President of MAN, Mansur Ahmed, said this at the association’s 15th annual general meeting and public lecture on Wednesday in Akwa Ibom.
Fossil fuels are hydrocarbon-containing materials formed naturally in the earth’s crust from the remains of dead plants and animals extracted and burned as fuel — coal, oil and natural gas.
Ahmed said the transition, which is a good development, had a deadline that was too short for Nigeria to develop strategies to boost production for export.
“One of the measures that will gradually be adopted globally is the complete stop of production of cars and engines that are powered by fossil fuels. In Europe, they have pegged the date by 2035. Other nations from other continents are following the same direction,” he said.
He added, “In not a distant time, this will lead to a price crash of fossil fuels that will be close to $3 to $5 per barrel. It will seriously affect Nigeria’s monolithic economy.”
Ahmed also said manufacturers remained the backbone of any economy, adding that it was discouraging for them to be faced with multiple taxations.

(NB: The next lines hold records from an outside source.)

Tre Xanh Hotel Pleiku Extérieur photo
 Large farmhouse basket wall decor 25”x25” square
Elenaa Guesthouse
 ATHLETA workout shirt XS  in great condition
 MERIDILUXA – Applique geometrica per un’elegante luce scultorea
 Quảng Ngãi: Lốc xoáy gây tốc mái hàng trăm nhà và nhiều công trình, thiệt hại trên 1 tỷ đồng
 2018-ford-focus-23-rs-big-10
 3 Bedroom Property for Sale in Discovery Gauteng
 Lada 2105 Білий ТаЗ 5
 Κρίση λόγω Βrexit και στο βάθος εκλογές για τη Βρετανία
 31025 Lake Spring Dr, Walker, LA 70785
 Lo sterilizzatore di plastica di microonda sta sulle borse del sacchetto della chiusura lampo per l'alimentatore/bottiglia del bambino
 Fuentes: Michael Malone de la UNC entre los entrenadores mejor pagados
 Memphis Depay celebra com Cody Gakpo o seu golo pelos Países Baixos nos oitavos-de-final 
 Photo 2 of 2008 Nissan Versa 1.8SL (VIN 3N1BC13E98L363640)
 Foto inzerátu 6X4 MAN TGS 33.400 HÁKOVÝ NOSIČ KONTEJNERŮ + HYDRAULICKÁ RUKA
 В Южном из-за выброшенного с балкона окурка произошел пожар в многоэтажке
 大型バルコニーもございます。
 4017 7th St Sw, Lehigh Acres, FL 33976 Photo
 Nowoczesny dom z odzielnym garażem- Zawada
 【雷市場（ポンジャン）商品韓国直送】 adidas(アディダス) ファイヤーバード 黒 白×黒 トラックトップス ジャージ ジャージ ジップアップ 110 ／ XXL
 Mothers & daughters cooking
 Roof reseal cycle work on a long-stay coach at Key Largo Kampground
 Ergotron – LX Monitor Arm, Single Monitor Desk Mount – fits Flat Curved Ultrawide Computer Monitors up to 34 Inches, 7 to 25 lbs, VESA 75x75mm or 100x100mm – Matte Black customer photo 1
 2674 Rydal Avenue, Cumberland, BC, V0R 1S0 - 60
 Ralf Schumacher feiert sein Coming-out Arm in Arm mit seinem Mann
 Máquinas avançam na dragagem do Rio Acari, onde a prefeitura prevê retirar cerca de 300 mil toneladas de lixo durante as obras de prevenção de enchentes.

“The manufacturing sector has been acknowledged as the highest contributor to the job and human creation through development and technology transfer. It is necessary that the federal and state governments, together with their agencies, work in synergies, carrying along relevant stakeholders in fashioning appropriate strategies to improve and stabilise the economy,” he said.
“There should be a partnership between the federal and state governments for the total rehabilitation of roads to aid the movement of goods and services and therefore encourage industrial development.
“There should be harmonisation of taxes especially, local government and roads-related levies to aid ease of compliance by MAN members and end the possibility of exploitation and harassment by government officials.”
He also urged the Federal Government to prioritise the allocation of foreign exchange and consider slashing the cost of diesel to manufacturers.